However leaving Ephesus we stopped at the Artemision. This temple, dedicated to Artemis, was one of the 7 wonders of the ancient world. It was also much less busy, Most of the cruises don't seem to bother with it. They have no idea what they are missing!
The site is right on the outskirts of Selcuk and easily accessible. I wasn't complaining about the lack of crowds though!
The site is mostly rubble now but there are tantalising hints of what it must once have been like. This model in the Selcuk museum gives an idea of the sheer scale of the place.
The original temple here dates back to the Bronze age and was destroyed by flood.
The temple had a tempestuous life, destroyed by arson. rebuilt, destroyed again....
Like many of the sites in Turkey, the columns seem to have been randomly reconstructed with odds and ends of masonry. I suppose this travesty does give an idea of the height of the original column but still.....
Much of the site slumbers buried under the scrub grassland, deserted apart from a few tortoises exploring the boulder strewn ground.
The heart of the temple is now quite swampy so it looks a lot greener.
This gives an indication of the location of the columns.
Most of the contents or the temple are now in the British Museum but the local one in Selcuk has the two main temple statues.
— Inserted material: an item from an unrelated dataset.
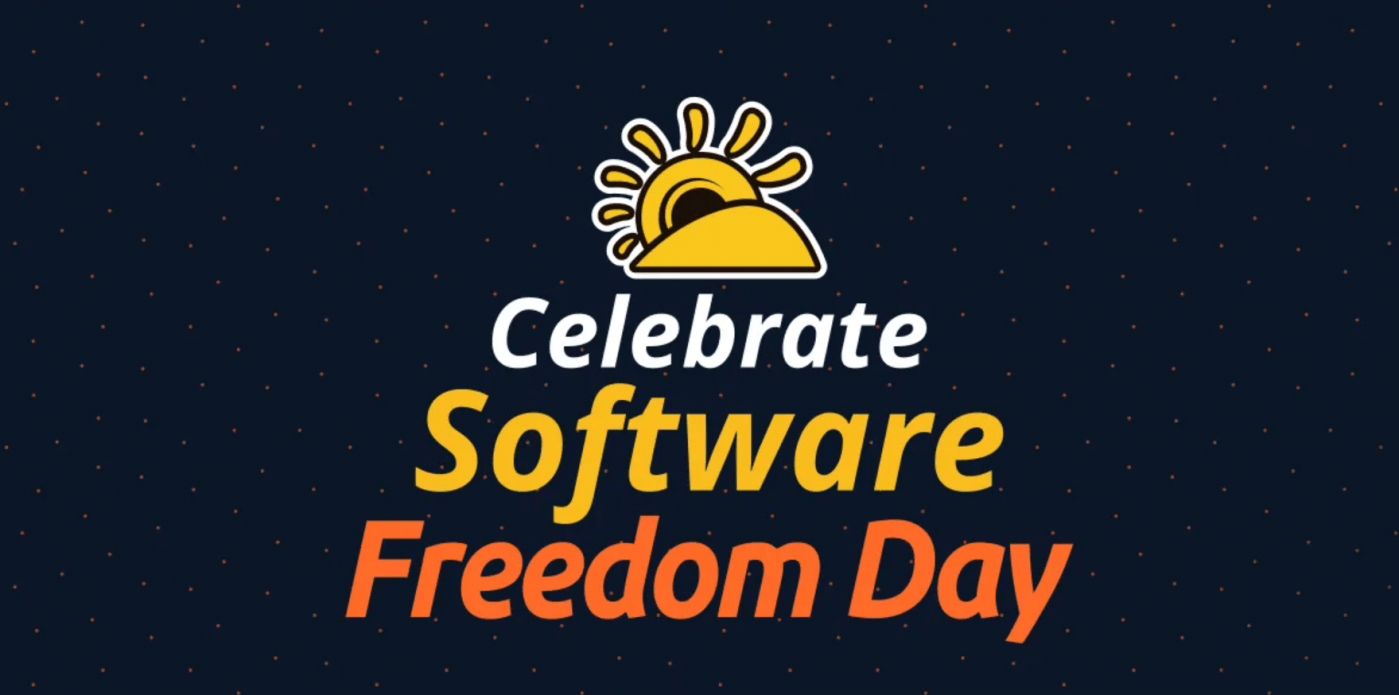 Software Freedom Day Porto Alegre 2026 - UNISENAC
This one is known as the beautiful one and it is not misnamed.
The quality of the carving is breathtaking and the whole piece just radiates beauty and serenity. Even better, it is not fenced off so you can get close enough to appreciate the quality of the workmanship that went into this statue.
A close up of the detail down the side panels of the skirt - bees yes but the Tudor Rose? Some symbols recur in the most unlikely places....
The Ephesus Artemis is distinctly different from the Greek goddess and her cult shares more similarities with that of Cybele, the mother goddess of the region.